> [Supplied data]
··········

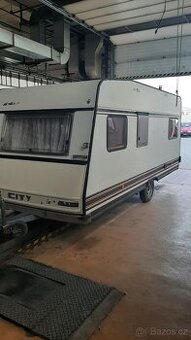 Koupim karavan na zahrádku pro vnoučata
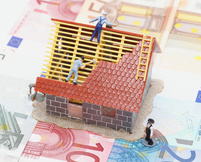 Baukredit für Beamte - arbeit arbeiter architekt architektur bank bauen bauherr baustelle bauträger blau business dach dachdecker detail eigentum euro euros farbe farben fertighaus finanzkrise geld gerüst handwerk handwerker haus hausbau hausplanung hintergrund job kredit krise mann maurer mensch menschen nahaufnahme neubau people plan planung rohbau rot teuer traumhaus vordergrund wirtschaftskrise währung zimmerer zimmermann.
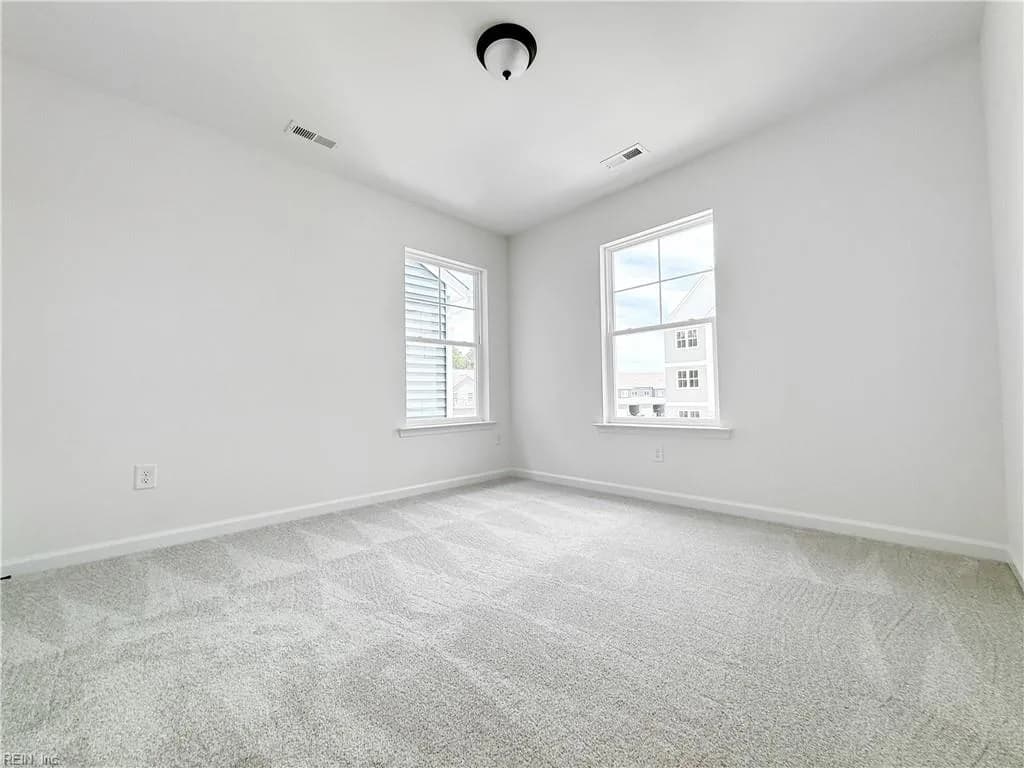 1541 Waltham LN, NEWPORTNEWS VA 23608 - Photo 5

··········

> [Work required]
Please copy the data above word for word, but only from the line that contains "Baukredit für Beamte" through the final line, both included, and without the pictures.

> [Solution for this exercise]
 Baukredit für Beamte - arbeit arbeiter architekt architektur bank bauen bauherr baustelle bauträger blau business dach dachdecker detail eigentum euro euros farbe farben fertighaus finanzkrise geld gerüst handwerk handwerker haus hausbau hausplanung hintergrund job kredit krise mann maurer mensch menschen nahaufnahme neubau people plan planung rohbau rot teuer traumhaus vordergrund wirtschaftskrise währung zimmerer zimmermann.
 1541 Waltham LN, NEWPORTNEWS VA 23608 - Photo 5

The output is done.